= Caminade =

French bicycle manufacturer

Caminade is an historical and current manufacturer of bicycle frames and bicycle components based in France.
Caminade frames were and are manufactured in France.
Historical Caminade frames were made of steel and then Dural aluminium. Modern Caminade frames are made of steel.
Much like there were four popular historical Caminade models, there are also four modern models:
- One4All: This is a full suspended bike
- Simpletrack: This is a hard-tail mountain bike
- Gravel: This is a gravel/trail bike
- Route66: This is a road bike

== History ==
Caminade was founded in 1910 by Pierre Caminade and maintained operations until about 1950. After 1936, their frames were made exclusively in Dural aluminium. They were known for having octagonal tubes joined by lugs that clamped together with bolts. Aluminium Caminade frames (also known as Caminargent models) could be completely disassembled with basic tools.

In spring 2012 Brice Epailly, after making a concept model at the origin of the One4All, talked to Sylvain Renouf.

The new Caminade company was created in the course of 2013 and is independently owned. They have set up the new brand with backing from the Languedoc-Roussillon regional government and funds from a local business development.

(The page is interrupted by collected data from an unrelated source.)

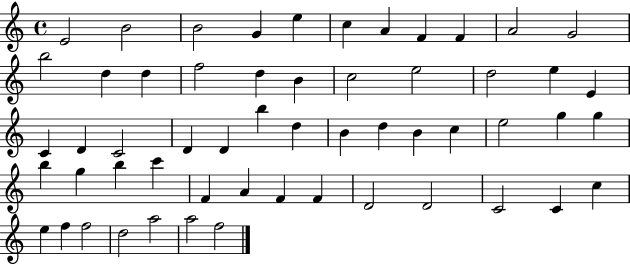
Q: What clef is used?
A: treble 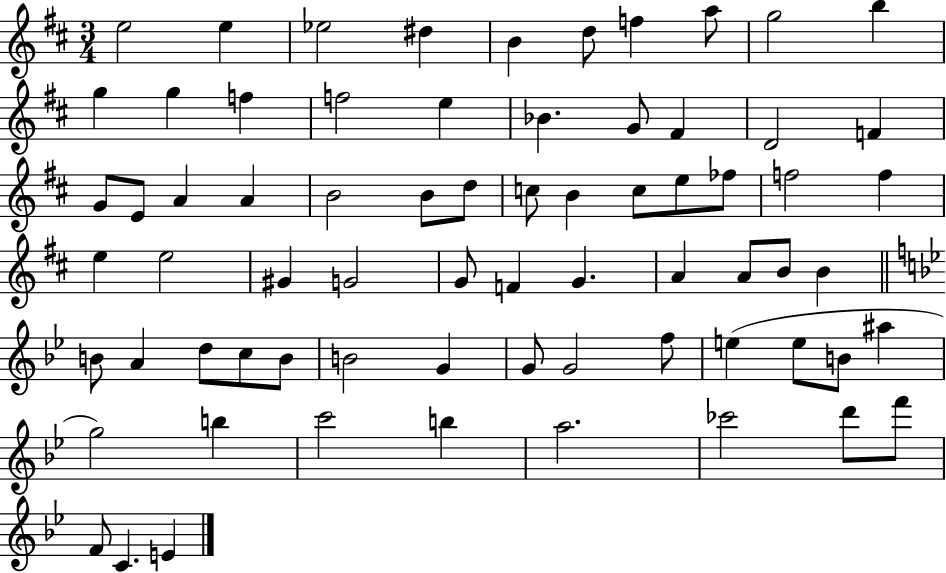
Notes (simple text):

E5/h E5/q Eb5/h D#5/q B4/q D5/e F5/q A5/e G5/h B5/q G5/q G5/q F5/q F5/h E5/q Bb4/q. G4/e F#4/q D4/h F4/q G4/e E4/e A4/q A4/q B4/h B4/e D5/e C5/e B4/q C5/e E5/e FES5/e F5/h F5/q E5/q E5/h G#4/q G4/h G4/e F4/q G4/q. A4/q A4/e B4/e B4/q B4/e A4/q D5/e C5/e B4/e B4/h G4/q G4/e G4/h F5/e E5/q E5/e B4/e A#5/q G5/h B5/q C6/h B5/q A5/h. CES6/h D6/e F6/e F4/e C4/q. E4/q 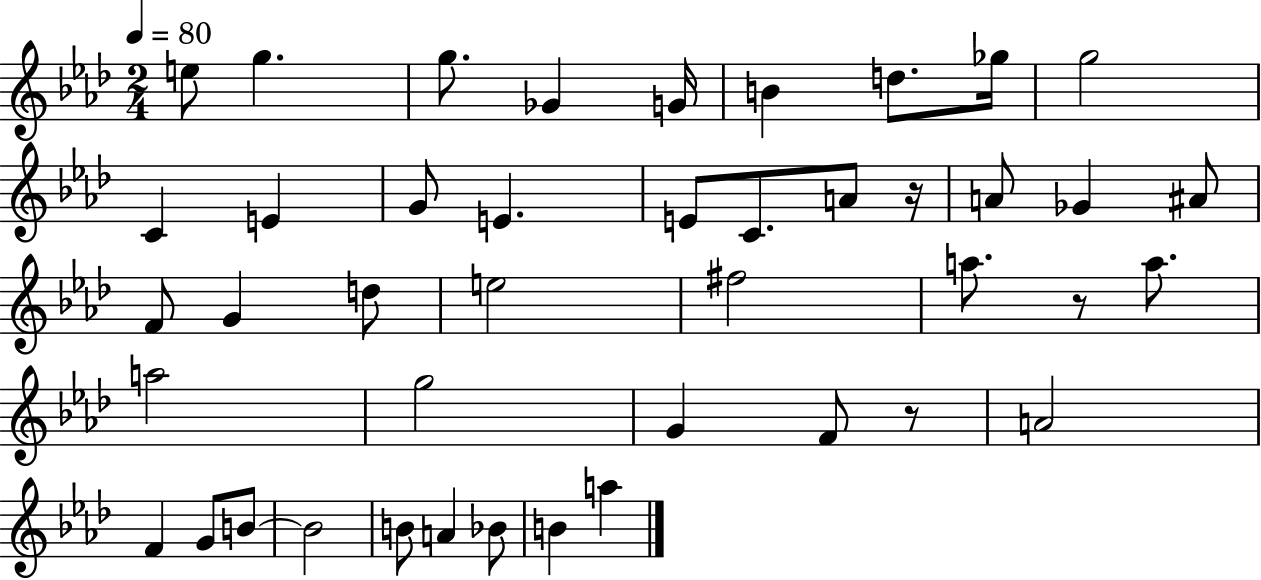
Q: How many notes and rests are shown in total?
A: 43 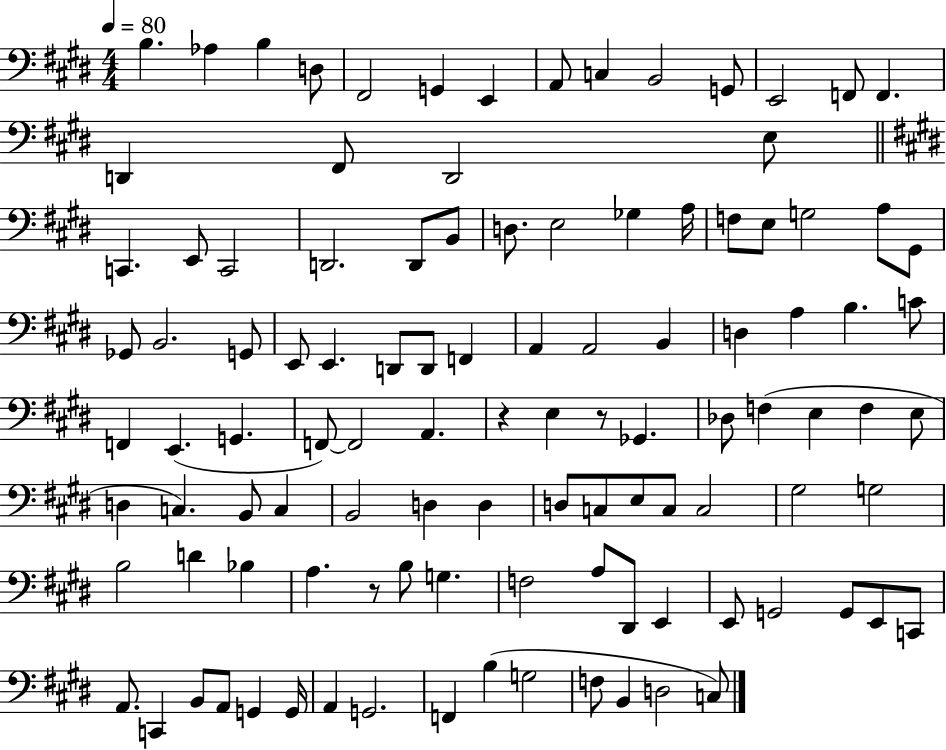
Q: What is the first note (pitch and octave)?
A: B3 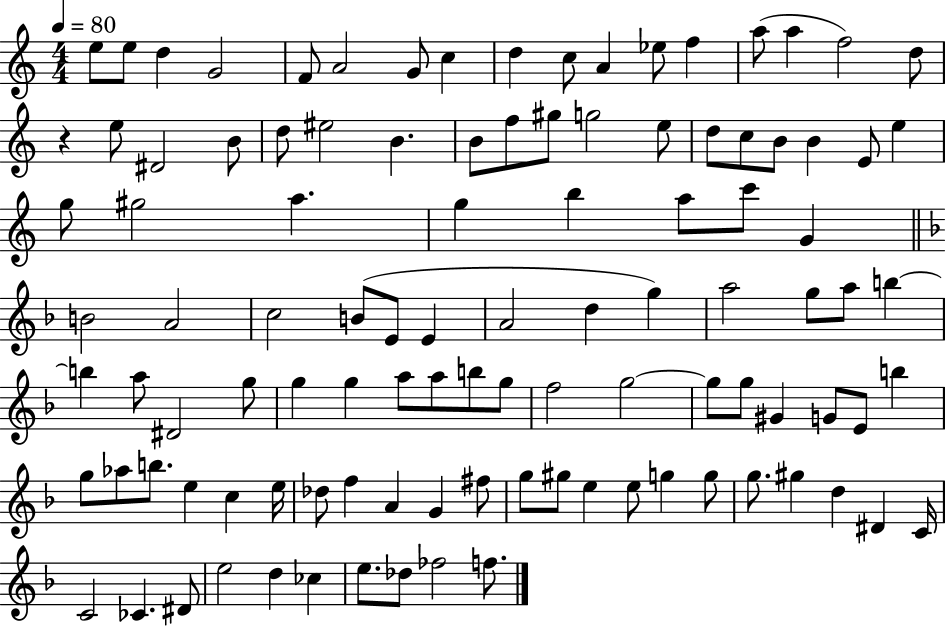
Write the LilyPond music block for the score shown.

{
  \clef treble
  \numericTimeSignature
  \time 4/4
  \key c \major
  \tempo 4 = 80
  e''8 e''8 d''4 g'2 | f'8 a'2 g'8 c''4 | d''4 c''8 a'4 ees''8 f''4 | a''8( a''4 f''2) d''8 | \break r4 e''8 dis'2 b'8 | d''8 eis''2 b'4. | b'8 f''8 gis''8 g''2 e''8 | d''8 c''8 b'8 b'4 e'8 e''4 | \break g''8 gis''2 a''4. | g''4 b''4 a''8 c'''8 g'4 | \bar "||" \break \key f \major b'2 a'2 | c''2 b'8( e'8 e'4 | a'2 d''4 g''4) | a''2 g''8 a''8 b''4~~ | \break b''4 a''8 dis'2 g''8 | g''4 g''4 a''8 a''8 b''8 g''8 | f''2 g''2~~ | g''8 g''8 gis'4 g'8 e'8 b''4 | \break g''8 aes''8 b''8. e''4 c''4 e''16 | des''8 f''4 a'4 g'4 fis''8 | g''8 gis''8 e''4 e''8 g''4 g''8 | g''8. gis''4 d''4 dis'4 c'16 | \break c'2 ces'4. dis'8 | e''2 d''4 ces''4 | e''8. des''8 fes''2 f''8. | \bar "|."
} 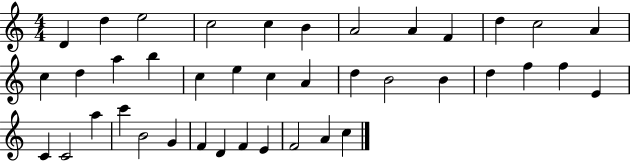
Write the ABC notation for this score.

X:1
T:Untitled
M:4/4
L:1/4
K:C
D d e2 c2 c B A2 A F d c2 A c d a b c e c A d B2 B d f f E C C2 a c' B2 G F D F E F2 A c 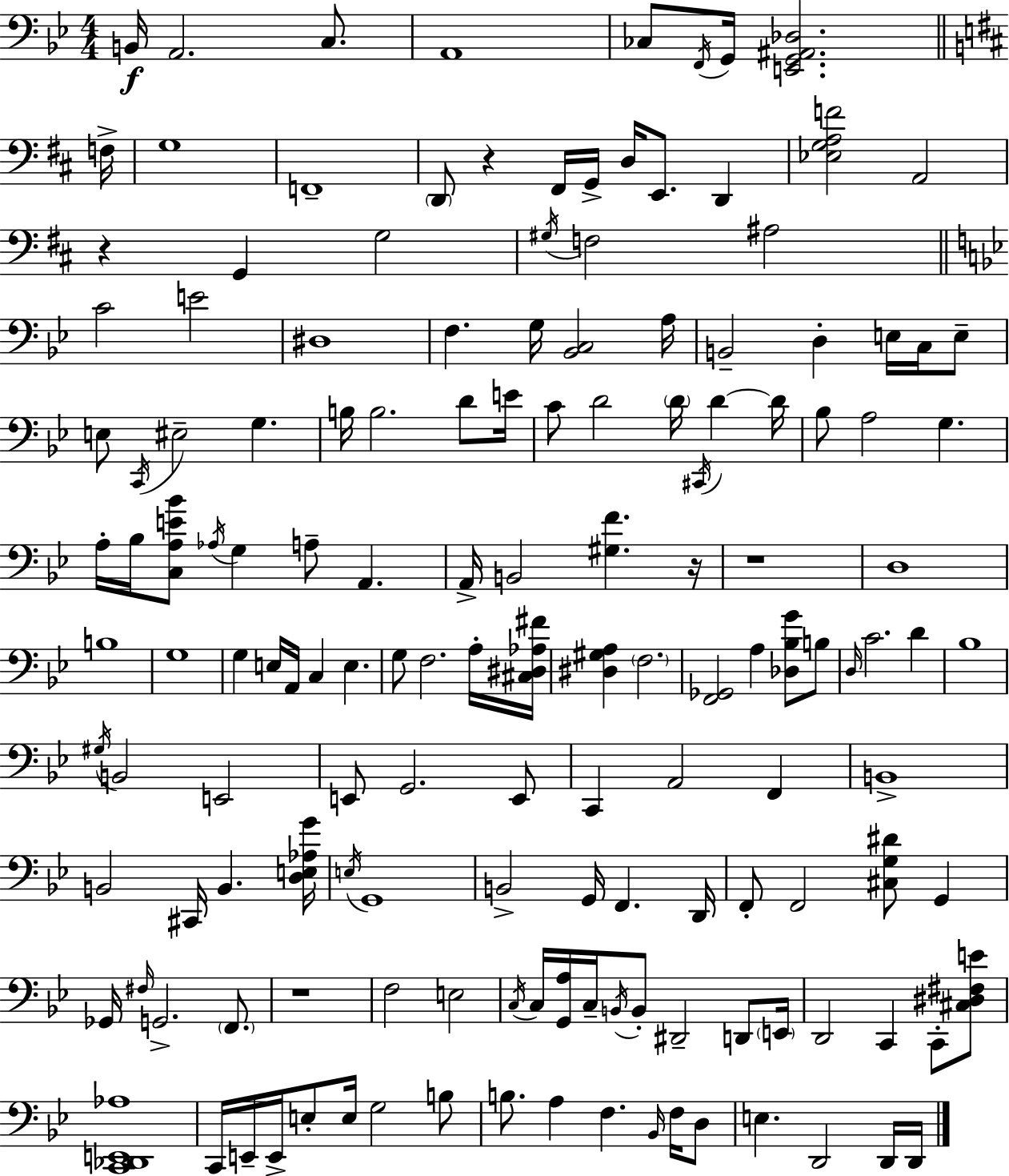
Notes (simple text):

B2/s A2/h. C3/e. A2/w CES3/e F2/s G2/s [E2,G2,A#2,Db3]/h. F3/s G3/w F2/w D2/e R/q F#2/s G2/s D3/s E2/e. D2/q [Eb3,G3,A3,F4]/h A2/h R/q G2/q G3/h G#3/s F3/h A#3/h C4/h E4/h D#3/w F3/q. G3/s [Bb2,C3]/h A3/s B2/h D3/q E3/s C3/s E3/e E3/e C2/s EIS3/h G3/q. B3/s B3/h. D4/e E4/s C4/e D4/h D4/s C#2/s D4/q D4/s Bb3/e A3/h G3/q. A3/s Bb3/s [C3,A3,E4,Bb4]/e Ab3/s G3/q A3/e A2/q. A2/s B2/h [G#3,F4]/q. R/s R/w D3/w B3/w G3/w G3/q E3/s A2/s C3/q E3/q. G3/e F3/h. A3/s [C#3,D#3,Ab3,F#4]/s [D#3,G#3,A3]/q F3/h. [F2,Gb2]/h A3/q [Db3,Bb3,G4]/e B3/e D3/s C4/h. D4/q Bb3/w G#3/s B2/h E2/h E2/e G2/h. E2/e C2/q A2/h F2/q B2/w B2/h C#2/s B2/q. [D3,E3,Ab3,G4]/s E3/s G2/w B2/h G2/s F2/q. D2/s F2/e F2/h [C#3,G3,D#4]/e G2/q Gb2/s F#3/s G2/h. F2/e. R/w F3/h E3/h C3/s C3/s [G2,A3]/s C3/s B2/s B2/e D#2/h D2/e E2/s D2/h C2/q C2/e [C#3,D#3,F#3,E4]/e [C2,Db2,E2,Ab3]/w C2/s E2/s E2/s E3/e E3/s G3/h B3/e B3/e. A3/q F3/q. Bb2/s F3/s D3/e E3/q. D2/h D2/s D2/s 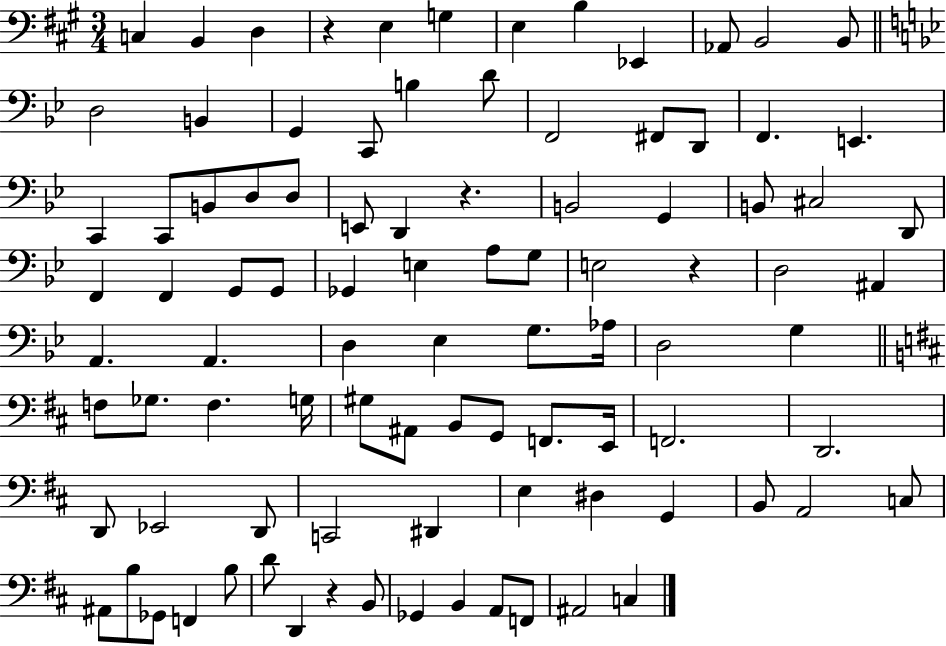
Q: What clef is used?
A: bass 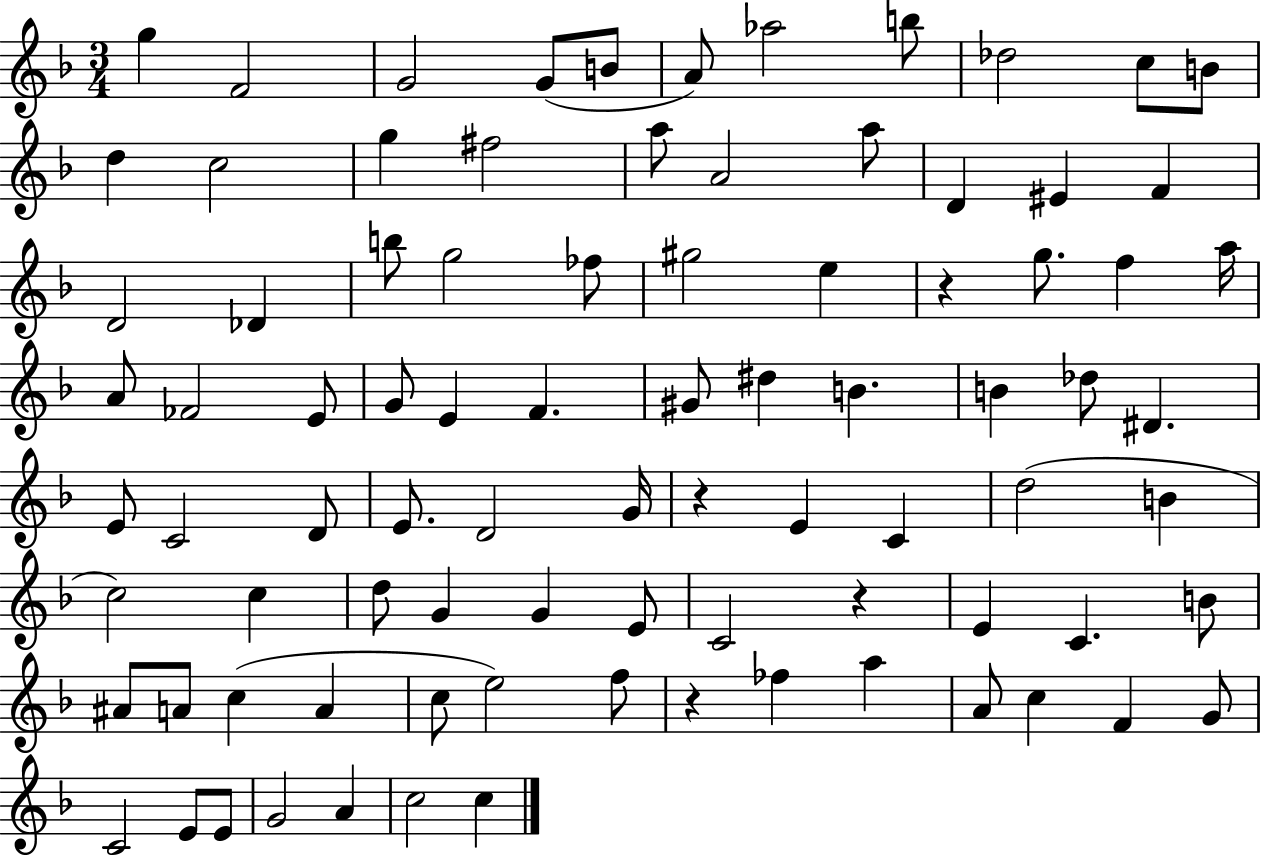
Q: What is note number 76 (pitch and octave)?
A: G4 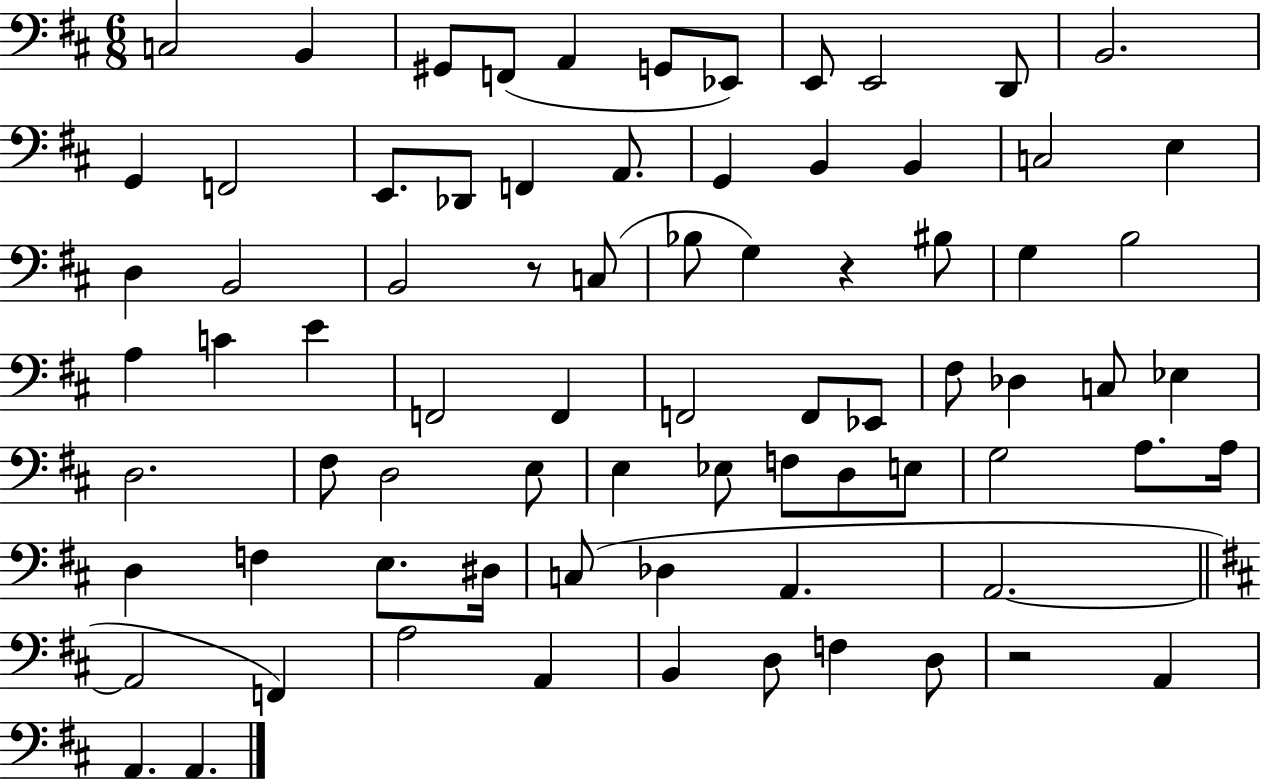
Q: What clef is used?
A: bass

As many manufacturers have chosen to move their production to China with the intent to reduce cost, Caminade was founded with the following idea: "Why can't a bicycle be made in France?".

The headquarters are located near Perpignan in France.

== Current manufacturing process ==
The frames are manufactured by Cyfac located in the Tour area. Cyfac is specialized in the building of frames for 30 years. Another company Berieau is also involved in the manufacturing of mobile parts.
The tubes are provided by Reynolds (853DZB) and Columbus (29er or Spirit). Other tubes are manufactured in France with a class 2 aeronautics's certification.
The rear part of the All4One is provided by Aircraft.

The bicycles are painted by Caminade with automotive quality paint where the colors and design can be customized.

== A different approach ==
On the mountain bike, the aim is to propose bicycles that are easy to maintain which is why they will promote the 1x11 gear configuration: It allows for a more simple and durable gearing system (by removing the front derailleur) and allows to avoid the extra gain of weight that a front derailleur would cause. The offset of the gain of weight helps towards reducing the overall weight which has been increased by a steel frame.

The choice of steel for the frame is twofold: comfort, ease of repair and robustness which is why they have a lifetime warranty.

This choice of steel is reported to give great comfort going downhill and as can be expected, it does affect the transfer of power going uphill but the reviews are non the less positive.

== Custom painting ==
Caminade also offers the possibility to have custom pain jobs on their bicycles

== Partnership ==
Caminade is in partnership with another new French company Motion-France which developed a springless suspension.
At the end of Spring 2016, the beta version of the fork will be tested by a select number of users.
It is scheduled to be sold in 2017.
The front suspension is anti-diving and uses carbon springs.